Wie würde der Angeklagte auf die Punkte reagieren? Wieder unkooperativ, mit vielen Diskussionen und Beleidigungen gegenüber der Staatsanwaltschaft? Dass dies in der letzten Verhandlung der Fall war, erfuhren wir Schöffen übrigens nur deshalb, weil der damalige Staatsanwalt auch diesmal vor Ort war und das im Vorfeld abklärte – allerdings war die Beleidigung nicht Teil der zu verhandelnden Anklageschrift. Wäre dies der Fall gewesen, wäre der Staatsanwalt als direkt Betroffener auch nicht zur Verhandlung zugelassen worden. Das sind so „Kleinigkeiten“, die man nicht unbedingt auf dem Schirm hat, die aber interessant zu wissen sind – nur so nebenbei bemerkt. Nachdem weitere Formalitäten geklärt waren, kam der Angeklagte zu Wort. Er zeigte sich sehr kooperativ, gestand bis auf zwei Taten alles und verhielt sich im Laufe der gesamten Verhandlung zurückhaltend. Daraufhin mussten – in gegenseitigem Einverständnis von Verteidigung und Staatsanwaltschaft – die meisten der geladenen Zeugen nicht mehr befragt werden. Das trug maßgeblich dazu bei, dass der angesetzte zweite Verhandlungstag entfallen konnte.
Da der Angeklagte ein Alkohol- und Drogenproblem hat, war zudem ein Gutachter vor Ort. Er sollte dem Gericht seine Einschätzung zur Suchtproblematik des Angeklagten mitteilen. Es war nämlich ziemlich schnell klar, worauf die Verteidigung hinauswollte: eine Unterbringung nach §64 StGB (also in einer Entziehungsanstalt). In der Vergangenheit hatte der Angeklagte allerdings schon mehrfach einen Entzug abgebrochen und es nie wirklich geschafft, dauerhaft von seinen Süchten loszukommen. Der Gutachter wünschte ihm zwar, dass er dies irgendwann schaffen würde, aber realistisch gesehen konnte er kein positives Gutachten für eine Unterbringung nach §64 StGB ausstellen. Auf die Frage, was er denn empfehlen würde, falls es doch zu einer Unterbringung nach §64 käme, meinte der Gutachter nur: „So lange wie möglich.“
Neben dem Gutachter wurden im Laufe des Verhandlungstages noch weitere Zeugen befragt: sein Bewährungshelfer, eine Polizistin, die bei der Wohnungsdurchsuchung des Angeklagten dabei war, und das Opfer der gefährlichen Körperverletzung. Auf alle Details gehe ich jetzt nicht ein – das würde den Rahmen dieses Blogposts sprengen. Und falls ich mich wiederhole: Ich kann nur empfehlen, sich mal eine Verhandlung als Zuschauer anzuschauen – das ist wirklich aufschlussreich.

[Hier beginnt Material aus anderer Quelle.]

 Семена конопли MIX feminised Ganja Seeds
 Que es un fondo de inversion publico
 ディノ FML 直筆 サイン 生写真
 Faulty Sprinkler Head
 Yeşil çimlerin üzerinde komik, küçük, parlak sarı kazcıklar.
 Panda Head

Wie schon erwähnt, gab der Angeklagte fast alle Taten zu. Die zwei, die er nicht einräumte, spielten keine große Rolle. So wurde die Beweisaufnahme geschlossen. Danach folgten die Plädoyers. Der Staatsanwalt begann und forderte 3 Jahre und 8 Monate Freiheitsstrafe (ohne Bewährung) – ohne Unterbringung nach §64. Danach kam die Verteidigung zu Wort. Sie forderte eine Gesamtfreiheitsstrafe von 3 Jahren mit Unterbringung nach §64. Mit diesen Aussagen im Hinterkopf zogen wir uns ins Beratungszimmer zurück. Ihr wisst ja: Was im Beratungszimmer gesprochen wird, bleibt im Beratungszimmer.

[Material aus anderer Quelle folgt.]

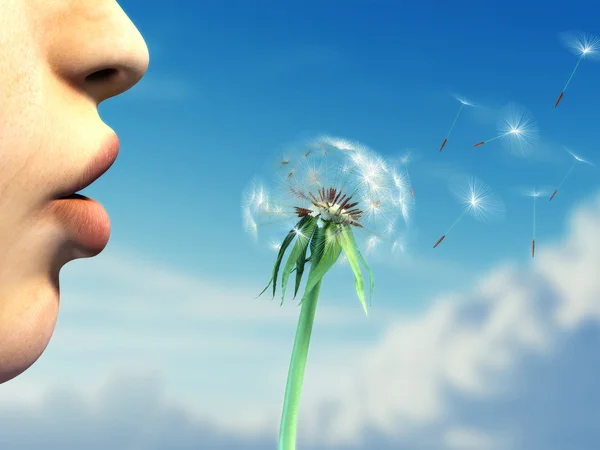 Blowing on a dandelion — Stock Photo, Image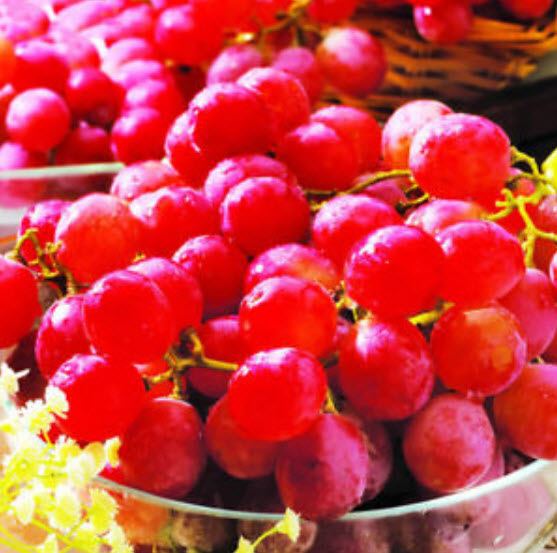 องุ่นลูกกลม สีแดงกุหลาบ (Rose Red Grape) / 50 เม็ด (ขายดี)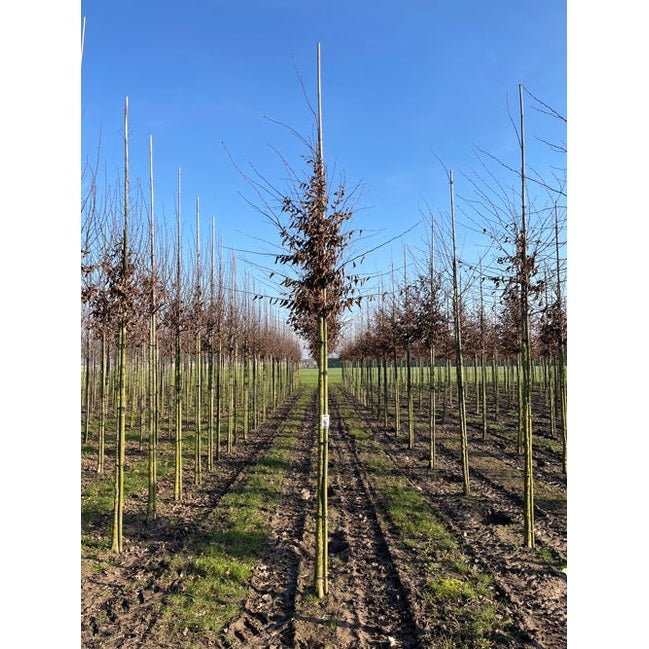 Avenbok - Carpinus betulus - Rungon ympärys 14-16 cm, korkeus 3,5-4 metriä, HS,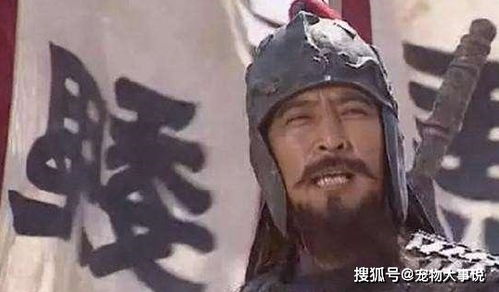 为什么要选择刘备?也许在刘备看来,魏燕的策略更强(赵云为什么选择刘备)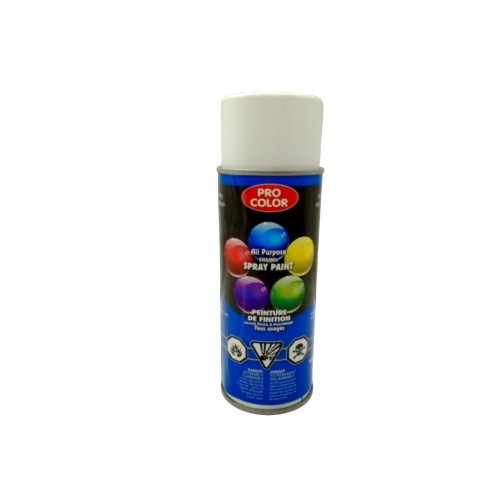 Spray Paint Gloss White 340g. All Purpose Enamel Pro Color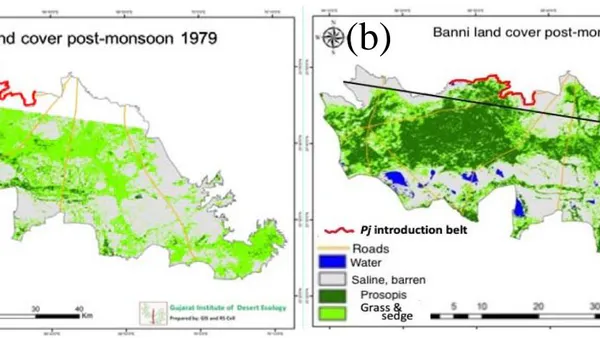 Land Degradation and Restoration Driven by Invasive Alien –Prosopis Juliflora and the Banni Grassland Socio-Ecosystem (Gujarat, India)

Nach ca. 30 Minuten wurde die Verhandlung fortgesetzt und das Urteil verkündet: 3 Jahre und 6 Monate Freiheitsstrafe plus Unterbringung nach §64 StGB, unter anderem darin begründet, dass der Angeklagte geständig war. Diese Unterbringung in einer Entziehungsanstalt ist vermutlich seine allerletzte Chance und man kann nur hoffen, dass er nicht wieder rückfällig wird und man ihn irgendwann wieder im Gerichtssaal trifft. Er machte zudem deutlich, dass er eine Familie gründen will (seine Freundin bzw. Frau war auch im Saal) und endlich ein geordnetes Leben führen möchte.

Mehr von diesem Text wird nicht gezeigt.